子どもを発表会に出す親の心得

昨日、おさんぽファミリーコンサートで、子どもたちが自分で考え、自分で動ける様子をお知らせしました。

 

もう2点、ミューレならではの文化をお伝えします。
ひとつは、「子どもに注意する必要がない」ということ、もうひとつは「親も教育する」という点です。

 

音楽教室ミューレではもう当たり前の光景ですが、実は、一般的にはこの光景は当たり前ではありません。

 

まず、リハーサル中、たとえ幼児であっても走り回ったり機材や会場に失礼なことをしたりして、叱られることは一切ありません。他の演目のリハ中は、じっと待っています。

 

実は正確に言うと、じっと待っているのかどうか、わたしは知りません。演目に集中しているので…。どう過ごしているのかわからないけど、一切、存在感がありません。幼稚園児が10人もいても、です。

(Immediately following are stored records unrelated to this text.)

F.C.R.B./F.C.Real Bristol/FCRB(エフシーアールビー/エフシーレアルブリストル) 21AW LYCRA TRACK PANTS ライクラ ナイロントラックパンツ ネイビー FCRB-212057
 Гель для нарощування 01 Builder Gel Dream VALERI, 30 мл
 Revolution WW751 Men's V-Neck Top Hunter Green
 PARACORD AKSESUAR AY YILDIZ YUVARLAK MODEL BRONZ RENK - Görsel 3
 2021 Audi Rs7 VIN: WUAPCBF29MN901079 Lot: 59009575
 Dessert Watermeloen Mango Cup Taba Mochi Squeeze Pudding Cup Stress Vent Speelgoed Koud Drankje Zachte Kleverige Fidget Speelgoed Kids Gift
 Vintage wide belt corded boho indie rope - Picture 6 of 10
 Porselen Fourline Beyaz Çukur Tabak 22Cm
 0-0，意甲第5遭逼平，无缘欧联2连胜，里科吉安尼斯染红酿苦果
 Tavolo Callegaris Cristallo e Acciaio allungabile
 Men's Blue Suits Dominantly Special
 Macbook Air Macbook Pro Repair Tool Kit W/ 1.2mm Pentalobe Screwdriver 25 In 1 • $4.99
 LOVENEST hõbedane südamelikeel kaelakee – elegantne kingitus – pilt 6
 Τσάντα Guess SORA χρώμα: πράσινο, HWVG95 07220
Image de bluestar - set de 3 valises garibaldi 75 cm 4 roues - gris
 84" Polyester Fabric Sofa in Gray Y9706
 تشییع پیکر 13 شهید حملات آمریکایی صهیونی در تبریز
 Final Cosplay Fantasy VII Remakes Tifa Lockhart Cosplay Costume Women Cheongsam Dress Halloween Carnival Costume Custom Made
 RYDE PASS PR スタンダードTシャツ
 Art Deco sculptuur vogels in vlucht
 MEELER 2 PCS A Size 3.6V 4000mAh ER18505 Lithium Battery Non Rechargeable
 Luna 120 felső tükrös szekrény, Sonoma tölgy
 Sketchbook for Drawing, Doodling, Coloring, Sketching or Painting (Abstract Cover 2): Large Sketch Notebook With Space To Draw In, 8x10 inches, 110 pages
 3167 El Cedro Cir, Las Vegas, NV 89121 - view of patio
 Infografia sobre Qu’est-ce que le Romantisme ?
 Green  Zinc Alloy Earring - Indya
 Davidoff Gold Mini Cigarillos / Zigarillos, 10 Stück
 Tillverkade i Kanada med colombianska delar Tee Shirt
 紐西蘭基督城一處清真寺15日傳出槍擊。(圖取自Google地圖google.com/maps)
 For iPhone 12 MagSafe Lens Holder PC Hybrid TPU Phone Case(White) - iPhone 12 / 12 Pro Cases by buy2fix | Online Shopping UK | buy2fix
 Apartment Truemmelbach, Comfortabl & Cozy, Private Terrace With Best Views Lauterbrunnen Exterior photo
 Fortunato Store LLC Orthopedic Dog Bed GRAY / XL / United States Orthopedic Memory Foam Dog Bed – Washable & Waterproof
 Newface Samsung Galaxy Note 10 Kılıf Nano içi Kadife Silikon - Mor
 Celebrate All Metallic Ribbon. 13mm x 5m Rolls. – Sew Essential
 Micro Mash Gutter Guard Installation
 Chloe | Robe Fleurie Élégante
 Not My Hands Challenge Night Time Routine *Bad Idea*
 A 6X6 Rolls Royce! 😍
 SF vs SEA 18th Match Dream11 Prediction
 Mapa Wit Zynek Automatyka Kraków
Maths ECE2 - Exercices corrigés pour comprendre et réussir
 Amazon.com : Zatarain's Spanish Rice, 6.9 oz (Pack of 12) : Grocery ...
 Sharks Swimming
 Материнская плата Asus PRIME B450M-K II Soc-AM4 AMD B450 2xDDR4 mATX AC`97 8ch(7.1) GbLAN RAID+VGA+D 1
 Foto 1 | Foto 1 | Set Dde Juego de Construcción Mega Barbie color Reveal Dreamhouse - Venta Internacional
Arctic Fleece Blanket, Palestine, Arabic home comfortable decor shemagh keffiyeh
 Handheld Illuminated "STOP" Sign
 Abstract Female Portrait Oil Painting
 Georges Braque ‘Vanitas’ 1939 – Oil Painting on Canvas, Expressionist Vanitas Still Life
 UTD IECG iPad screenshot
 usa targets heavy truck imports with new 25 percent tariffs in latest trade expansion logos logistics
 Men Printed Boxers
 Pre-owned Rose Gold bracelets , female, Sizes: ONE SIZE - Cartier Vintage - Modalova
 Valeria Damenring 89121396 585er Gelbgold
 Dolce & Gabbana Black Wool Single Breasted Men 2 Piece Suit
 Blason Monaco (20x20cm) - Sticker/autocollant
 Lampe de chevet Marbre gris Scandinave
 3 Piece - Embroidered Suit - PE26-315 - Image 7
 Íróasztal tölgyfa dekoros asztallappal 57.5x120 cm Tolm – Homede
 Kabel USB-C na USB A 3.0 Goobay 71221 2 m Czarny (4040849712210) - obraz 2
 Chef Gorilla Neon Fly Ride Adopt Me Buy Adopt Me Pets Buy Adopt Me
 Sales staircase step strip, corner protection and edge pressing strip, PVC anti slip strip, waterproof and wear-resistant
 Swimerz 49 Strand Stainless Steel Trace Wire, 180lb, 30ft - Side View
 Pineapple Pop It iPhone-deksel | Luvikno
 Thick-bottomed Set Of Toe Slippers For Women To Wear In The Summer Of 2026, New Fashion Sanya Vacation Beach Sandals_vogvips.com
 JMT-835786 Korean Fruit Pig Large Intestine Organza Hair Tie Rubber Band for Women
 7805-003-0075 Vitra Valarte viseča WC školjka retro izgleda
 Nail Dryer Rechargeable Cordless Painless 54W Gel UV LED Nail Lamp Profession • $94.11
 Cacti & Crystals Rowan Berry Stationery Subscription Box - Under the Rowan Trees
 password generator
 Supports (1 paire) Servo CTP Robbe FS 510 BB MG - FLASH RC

先輩たちの真剣な様子に「これはただごとではない」と息を飲んでいるのか、または、小学生が待たせているのか、とにかく、1日を通して、ありがちな「注意」は一切必要ではありません。

 

「優等生」だったり「しつけられているから」ではなく、「幼児でも、自分で考えて自らそのように行動している」というところがとても不思議な光景です。

 

それからもうひとつ、ミューレならではの光景があります。それは、「親が一切立ち入らない」ということです。

 

会場まで連れて来ていただいたら、あとは引き渡してもらい、すべての面倒は上の子が見ます。親がお世話することはしません。

 

なぜでしょうか?

 

それは、とにかく親は「口も手も出しすぎるから」です。しまいには、「先生、うちの子、どの順番で待機していればいいですか?」というような、演出に関することまで代わりに聞きに来る始末・・・。

 

ただ、これは、親が悪いだけではなく、主催する側のスタンスにもよるから難しいです。一般的に、発表会を催す先生は、「自分の指導がちゃんとしているかどうか、評価される場」と考えて、子どもが教えた通りに、できれば指導した最高のものを発表することを望んでいます。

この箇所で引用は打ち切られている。